TRANSCRIPTS OF DEAD PENITENTS’ TESTIMONY ADMITTED INTO EVIDENCE
In the case against the Serbian Radical Party leader Vojislav Seselj, the Trial Chamber decides to partially grant the prosecution motion and admits into evidence parts of the testimony Milan Babic gave at the Slobodan Milosevic trial. At the trial of Jovica Stanisic and Franko Simatovic, the statement and transcripts of Milan Deronjic’s evidence at the trials of Slobodan Milosevic and Momcilo Krajisnik were also admitted into evidence
At the trial of the Serbian Radical Party leader Vojislav Seselj for crimes in Vojvodina, Croatia and Bosnia and Herzegovina, the Trial Chamber decided to partially grant the prosecution motion and admit into evidence parts of the testimony Milan Babic gave at the Slobodan Milosevic trial. Babic, former president of the self-proclaimed Republic of Serbian Krajina, pleaded guilty to the crime of persecution and was sentenced to 13 years in prison. In March 2006, he committed suicide in his cell in the Tribunal’s Detention Unit.
The prosecution filed the first motion seeking admission into evidence of the testimony of ‘unavailable witnesses’ under Rule 92 quarter more than three years ago. In the first motion, the prosecution sought to tender into evidence not only Babic’s testimony at the Milosevic trial, but also parts of his evidence at the trials of Momcilo Krajisnik and Milan Martic. Seselj violently opposed to the motion, claiming that Babic ‘judged himself’ and that the admission into evidence of the testimony of witnesses who could not be cross-examined ‘violates the fairness of the trial’.

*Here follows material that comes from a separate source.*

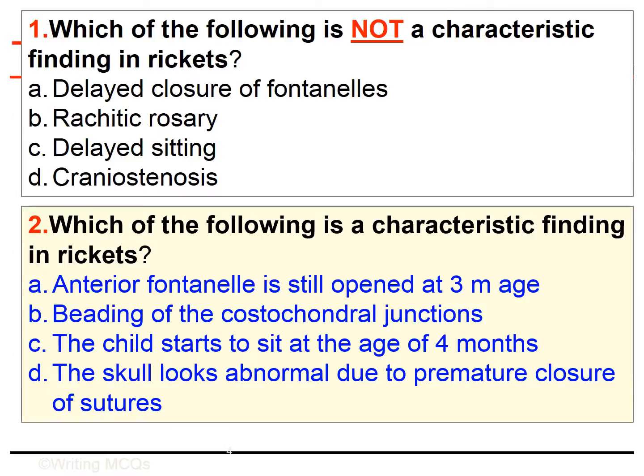Question number two is much better. All alternatives are testing understanding or even application, as they describe the meaning of each finding rather than the word itself. For example, it is not enough to know that patients with rickets have delayed closure of fontanelles — the student should also know that it is normal to find the anterior fontanelle still open at three months. Please compare the rest of the alternatives and appreciate the difference.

In 2008, the Chamber dismissed the first prosecution motion on the grounds that it ran ‘counter to the interests of justice’, because the documents whose admission was sought ‘directly accuse’ Seselj. In 2009, the prosecution asked for a review of the decision, noting that Babic’s evidence at the Milosevic trial had in the meantime been confirmed by other witnesses heard after January 2008. The judges saw this as a new fact which allowed them to review the earlier decision.

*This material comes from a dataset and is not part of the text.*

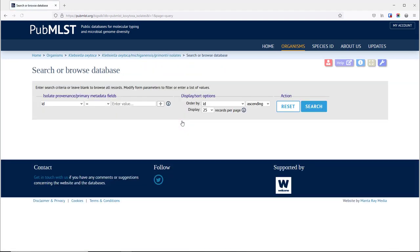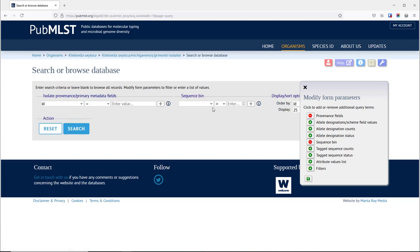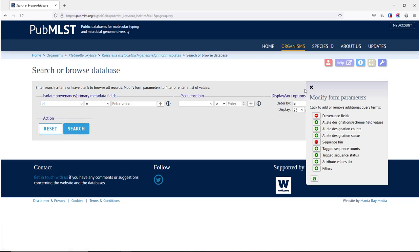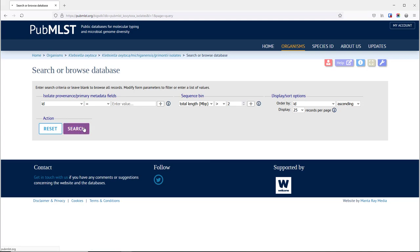If we search the database for genome assemblies, we've modified the form and we can search on the sequence bin greater than a total length of two megabases.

The Chamber accepted the prosecution’s argument that Babic’s evidence concerned topics that are relevant for the case: the establishment of parallel chains of command in Krajina involving the Serbian MUP, Serbian state security service and the Krajina police, the arming and funding of the Krajina Serbs, provoking the Croats in order to justify JNA response, and the expulsion of non-Serbs from the occupied parts of Croatia. Some twenty excerpts from Babic’s evidence in the Milosevic case were admitted into evidence, as were documents about the establishment of the Krajina Serb army, the illegal arming of Serbs in Krajina, establishment of the Territorial Defense and the implementation of the joint criminal enterprise.
At the trial of two former Serbian state security service chiefs, Jovica Stanisic and Franko Simatovic, the Trial Chamber invoked the same rule to admit into evidence the statement and transcript of evidence of yet another ‘unavailable witness’, local SDS president in Bratunac, Miroslav Deronjic. At the prosecution’s request, the Chamber admitted into evidence the transcripts of his testimony at the trial of Slobodan Milosevic in November 2003, and of Momcilo Krajisnik, in February 2004. Deronjic pleaded guilty before the Tribunal to murders and deportations of civilians from Glogova near Bratunac, and was sentenced to ten years in prison. He died in May 2005 as he was serving his sentence in a Swedish prison.